Embodiments of the invention use a low complexity way of amplifying
an input earpiece audio signal x, when environmental noise disturbs
the communication. The input earpiece audio signal x may only be
amplified when the environmental noise disturbs the communication.
The amplification is realized by weighting the input earpiece audio
signal x.
The amplification may e.g. be applied in the case that the
following conditions hold: when the input earpiece audio signal x
is active, i.e. the far-end side participant is speaking, and when
the local background noise disturbs the intelligibility on the
near-end side.
Embodiments of the invention aim at emulating the behavior of a
participant as user of a communication device who manually adjusts
the magnitude of the earpiece audio signal in case of changing
environmental noise. Two successive audio signal processing steps
can be applied in order to determine the local environmental noise
magnitude using the microphone audio signal y, and to add an offset
to a predetermined user gain factor forming an earpiece gain when
the determined microphone noise magnitude exceeds a predetermined
noise magnitude threshold .eta..sub.wy. The predetermined user gain
factor forming the earpiece gain can be preselected by the
participant or user.
Local noise estimation using a built-in microphone 309 may be based
on voice activity detection (VAD) because the background noise may
only be determined when the participant does not speak. An attempt
to determine the background noise magnitude while the participant
is speaking may result in an incorrect noise estimate. Such voice
activity detection may be error-prone and may not be implemented as
a low-complexity time-domain approach in particular for noisy
environments. In order to achieve the desired beneficial
properties, embodiments of the invention are based on the
assumption that when the far-end side participant speaks, the
near-end side participant is typically silent, i.e. simultaneous
talk is typically rare.
Embodiments of the invention robustly perform voice activity
detection on the input earpiece audio signal x in order to detect
when the far-end side participant speaks, and obtain a microphone
noise magnitude indicator signal w.sub.y from the microphone audio
signal y only when the far-end side participant speaks.

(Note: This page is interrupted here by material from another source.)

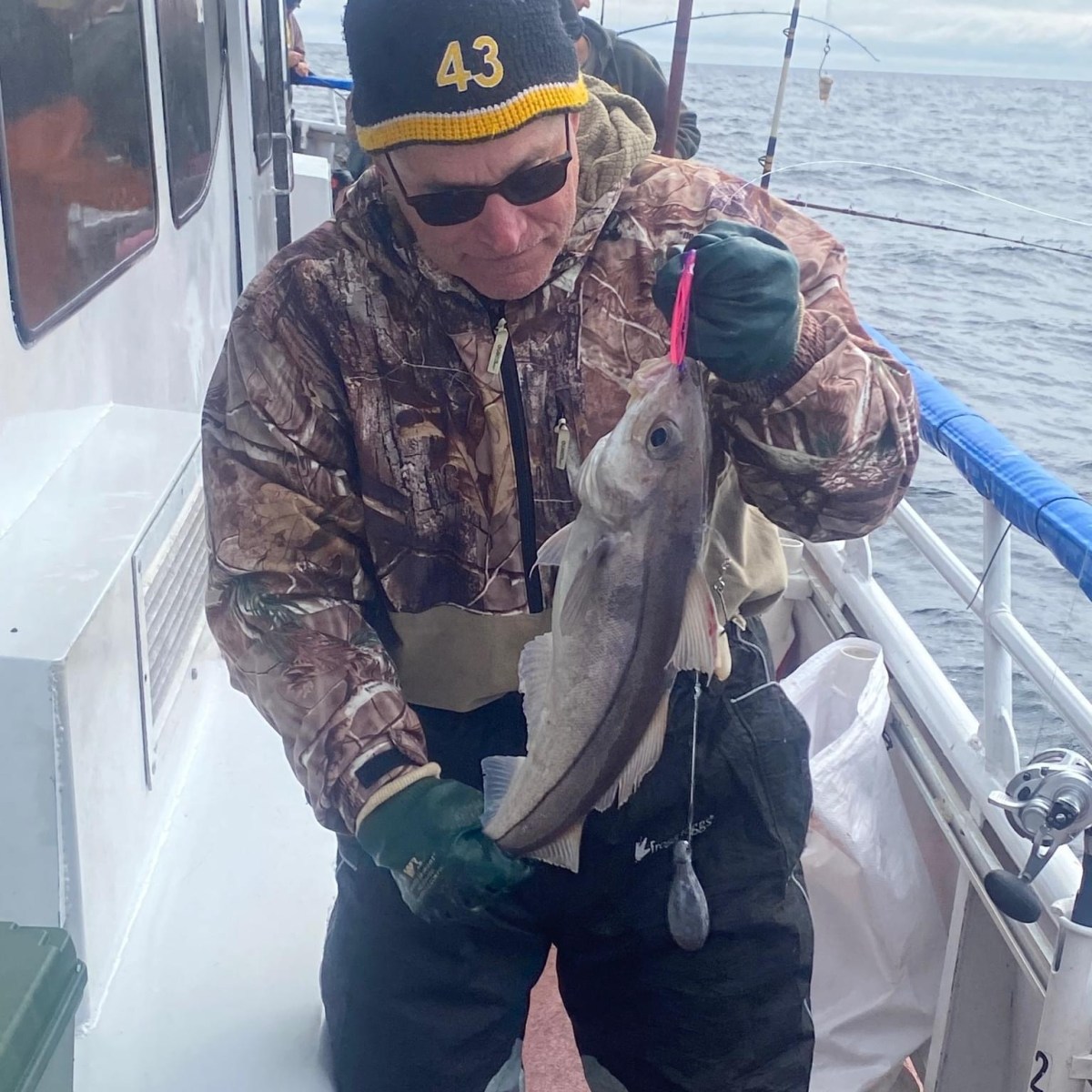 a person holding a fish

Thereby, the following advantages can be realized. By considering
the statistics of the input earpiece audio signal x in the first
step, it can be assumed that an active earpiece audio signal
corresponds very likely to a quiet local participant. Thus, the
microphone noise magnitude indicator signal w.sub.y can be
determined more reliably. In the second step, a gain of the input
earpiece audio signal x may only be increased under the condition
that the input earpiece audio signal x is active, i.e. contains
useful information and not only noise components. Moreover, the
magnitude of the earpiece audio signal may only be adjusted when
local background noise disturbs the communication. Furthermore, as
obtaining voice activity detection on noisy audio signals may be
error-prone, performing voice activity detection on the input
earpiece audio signal x can be more robust. In specific scenarios,
the microphone audio signal y can be assumed to be noisy.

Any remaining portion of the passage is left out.